## [INPUT DATA]
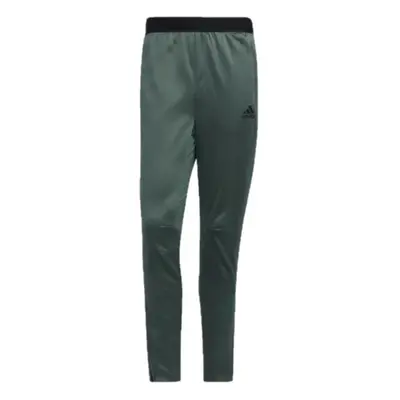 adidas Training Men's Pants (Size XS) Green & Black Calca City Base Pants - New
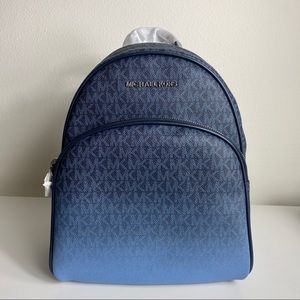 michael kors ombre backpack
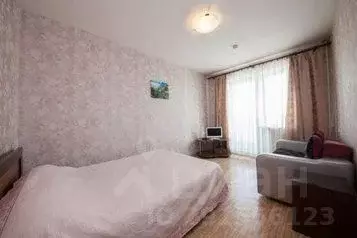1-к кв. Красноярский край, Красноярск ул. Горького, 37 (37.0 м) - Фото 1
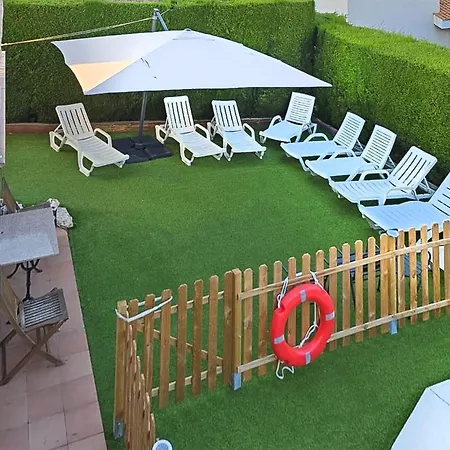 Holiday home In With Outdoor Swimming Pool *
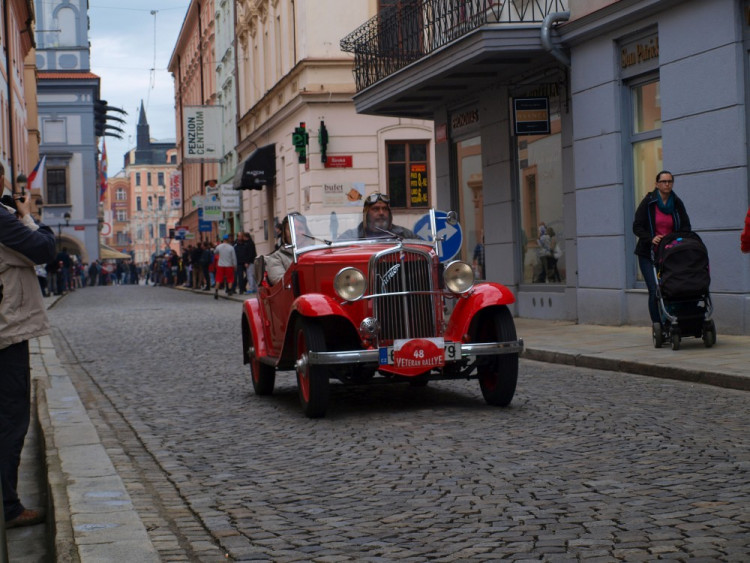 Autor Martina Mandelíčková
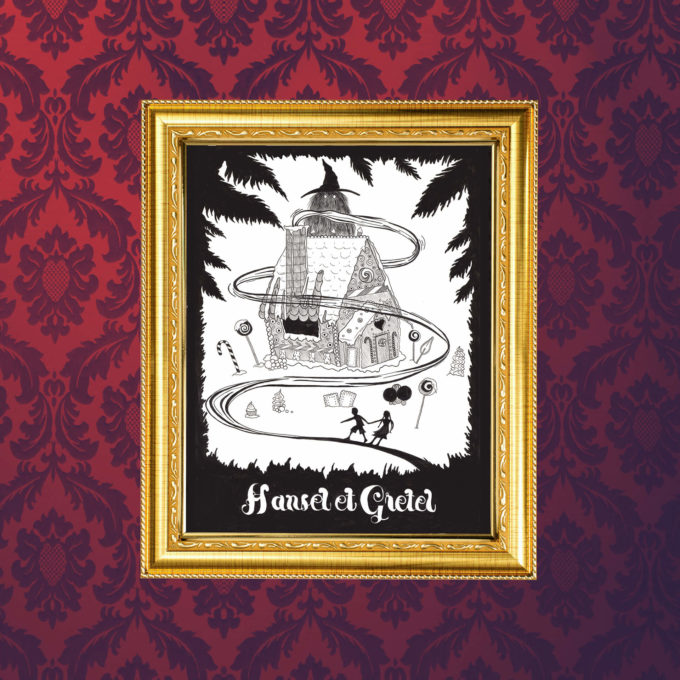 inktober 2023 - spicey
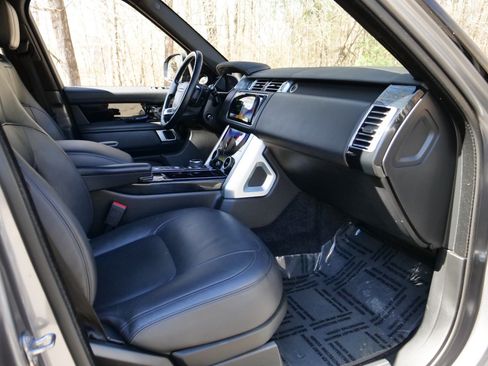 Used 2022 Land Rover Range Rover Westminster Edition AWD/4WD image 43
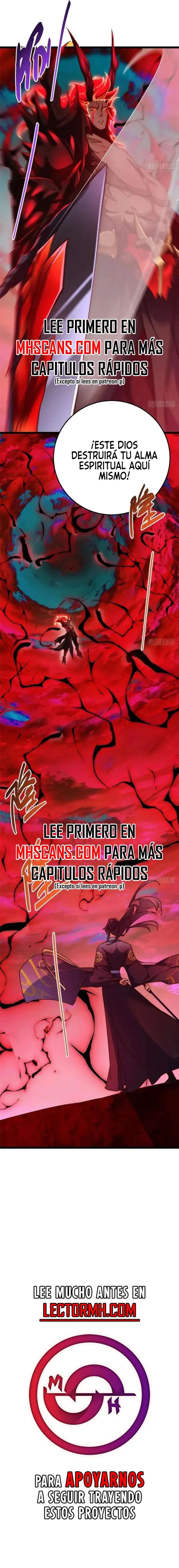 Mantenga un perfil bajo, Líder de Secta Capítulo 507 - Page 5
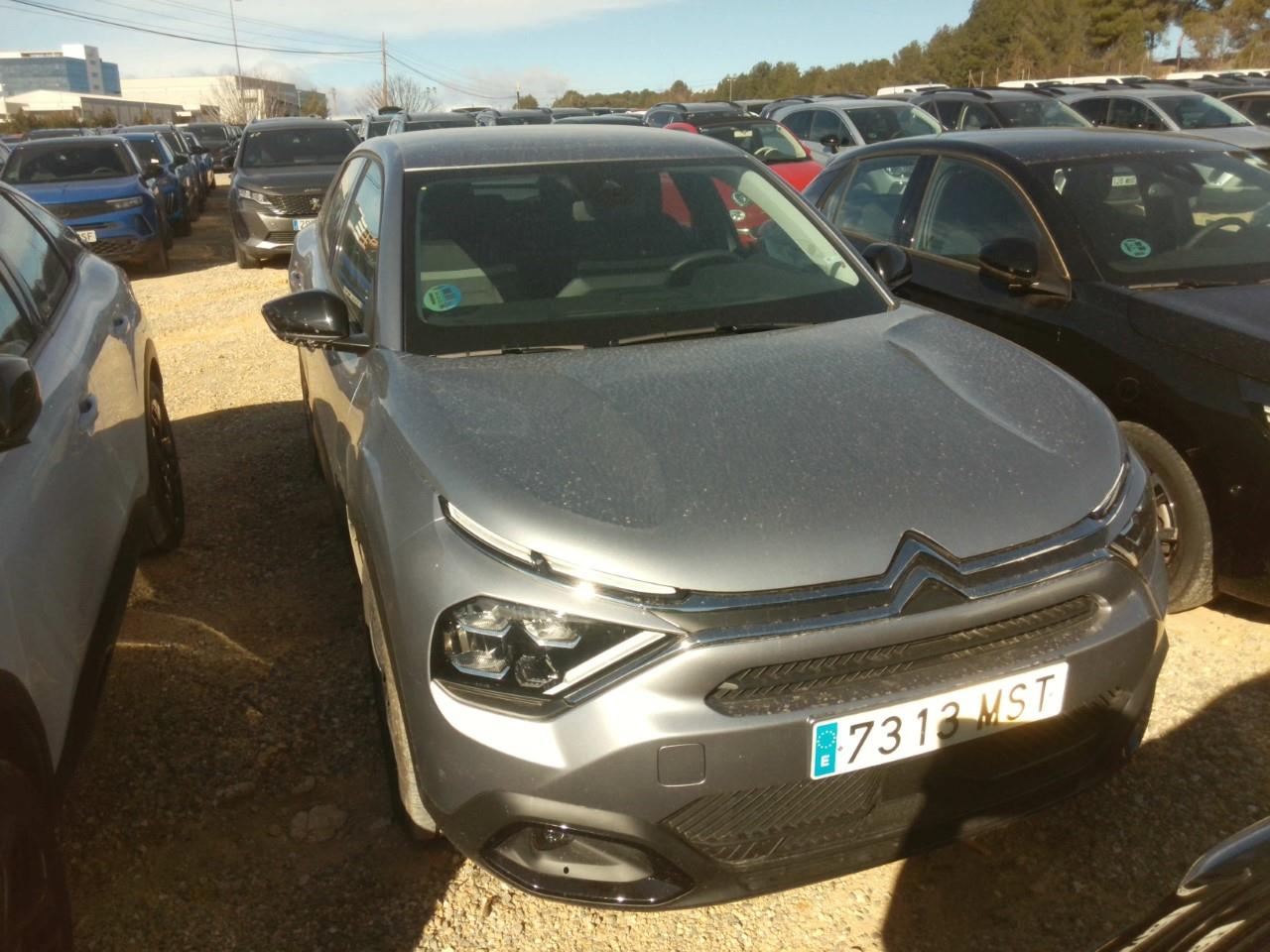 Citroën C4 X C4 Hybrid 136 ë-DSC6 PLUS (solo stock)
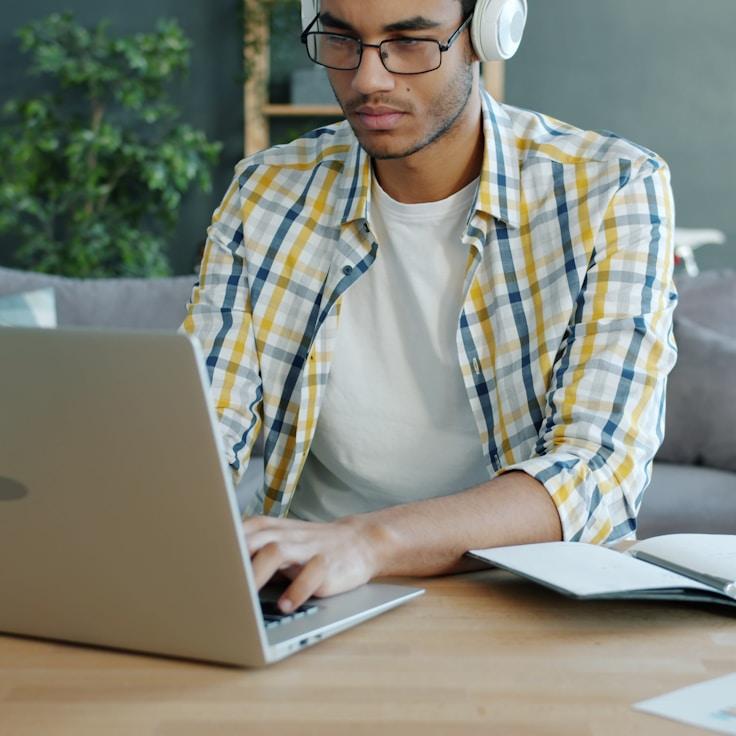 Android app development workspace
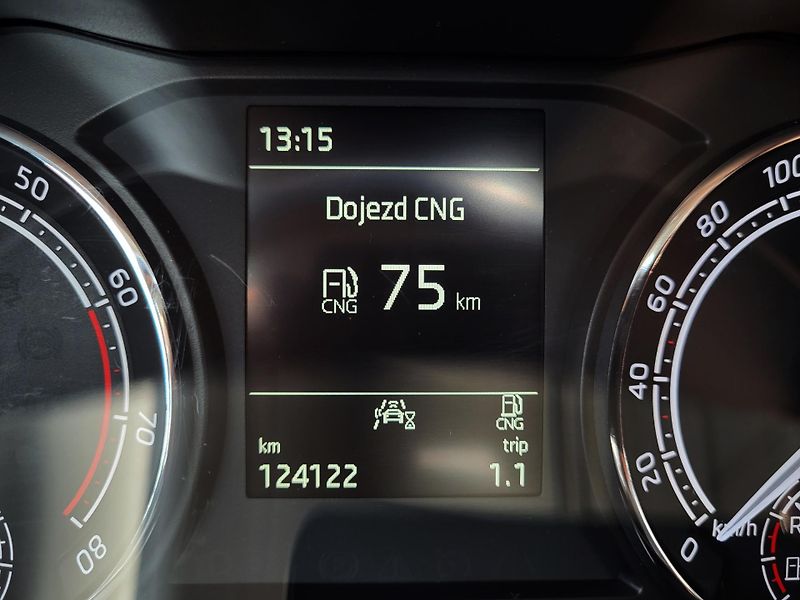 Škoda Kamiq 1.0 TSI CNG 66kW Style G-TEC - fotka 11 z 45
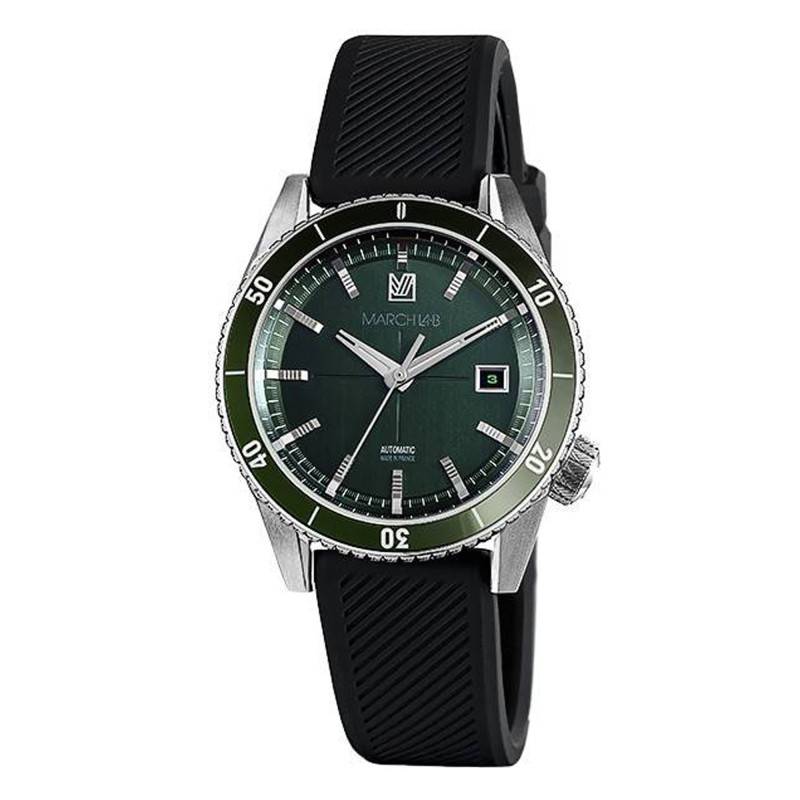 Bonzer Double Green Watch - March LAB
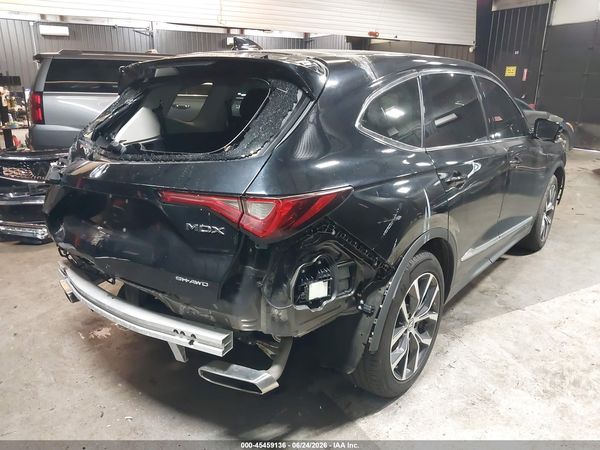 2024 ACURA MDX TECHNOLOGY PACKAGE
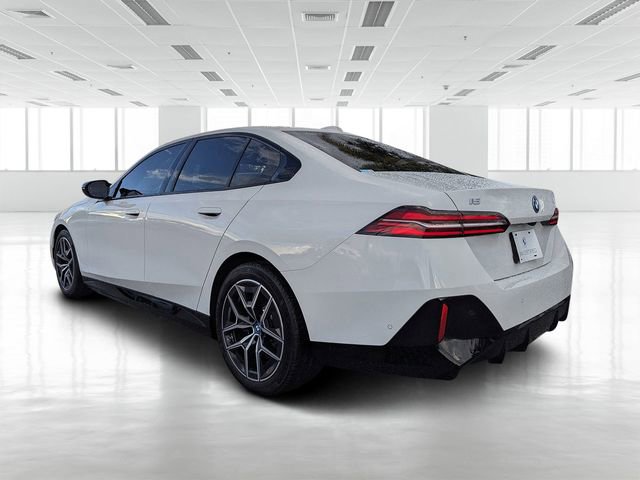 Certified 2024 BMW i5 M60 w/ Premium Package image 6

## [REQUIREMENT]
Your answer should be the exact lines above from the one containing "1-к кв. Красноярский" through the one containing "2024 ACURA MDX TECHNOLOGY PACKAGE", with both end lines kept and the pictures removed, please.

## [RESPONSE TO THIS TASK]
1-к кв. Красноярский край, Красноярск ул. Горького, 37 (37.0 м) - Фото 1
 Holiday home In With Outdoor Swimming Pool *
 Autor Martina Mandelíčková
 inktober 2023 - spicey
 Used 2022 Land Rover Range Rover Westminster Edition AWD/4WD image 43
 Mantenga un perfil bajo, Líder de Secta Capítulo 507 - Page 5
 Citroën C4 X C4 Hybrid 136 ë-DSC6 PLUS (solo stock)
 Android app development workspace
 Škoda Kamiq 1.0 TSI CNG 66kW Style G-TEC - fotka 11 z 45
 Bonzer Double Green Watch - March LAB
 2024 ACURA MDX TECHNOLOGY PACKAGE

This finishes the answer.